Fresh from winning the Hepworth Prize, Helen Marten has scored her second big art world win in one month. After she picked up the inaugural Hepworth honor — a new prize awarded for sculpture — she shared the prize money with her fellow nominees. She confirmed she’d do the same for the Turner, sharing its £25,000 prize with the other shortlisted artists, Anthea Hamilton, Josephine Pryde, and Michael Dean. Marten has stated she wants to do this quietly, and not “politicize that gesture.”
Marten was nominated for her exhibition Lunar Nibs at the 56th Venice Biennale, and her solo exhibition Eucalyptus Let Us In at Green Naftali in New York.
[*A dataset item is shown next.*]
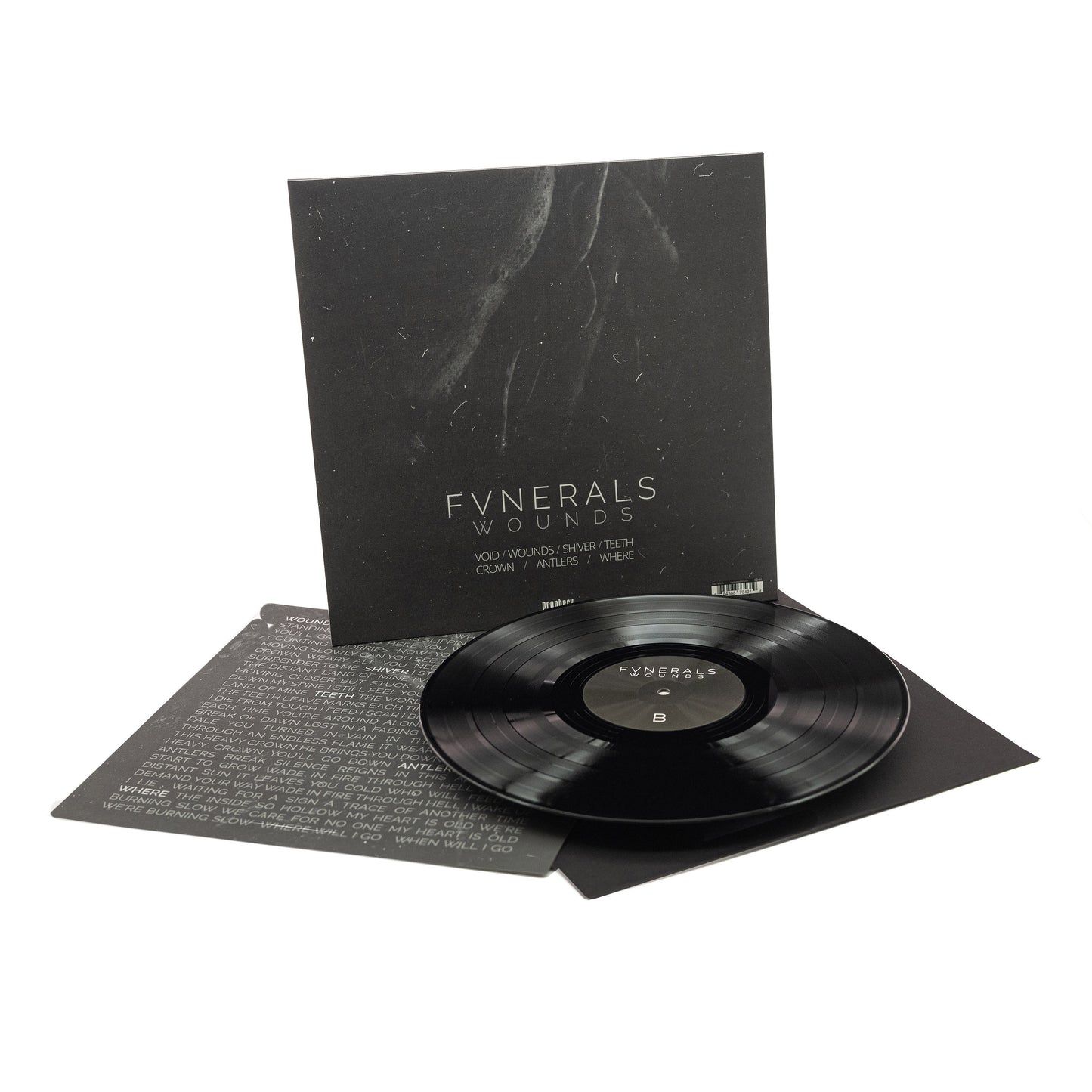 Fvnerals - Wounds (Vinyl LP - Black)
Marten, the youngest nominee this year, is known for dense and complex installation works, assembled from fragments, pieces, and everyday items; there’s a beguiling beauty in them, an uncomfortable narrative absence sits in their center. They are intense and immersive. The jury commended Helen’s work for “its extraordinary range of materials and form” and its “poetic and enigmatic qualities.”
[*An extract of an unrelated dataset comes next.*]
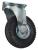 22N203 - Swivel Plate Caster, 550 lb, 10-1/4 In Dia Подробнее...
Renowned art critic, failed Tory leadership candidate, and fearless Brexiteer Michael Gove led the dissenting voices, who claimed that Helen’s work was indicative of the “tragic emptiness of now,” calling out the Turner Prize as “modish crap” and stating it has nothing to do with the legacy of JMW Turner himself. Luckily no one really pays much attention to the opinions of Michael Gove anymore, as Helen Marten is undeniably a incredibly deserving winner. But his controversial remarks hark back to a wilder time for the Turner Prize when it regularly picked up criticism from the tabloid press about the artists involved. Recent years have seen the award go to more considered, less shocking artists, and with that, the contentiousness surrounding it has died down.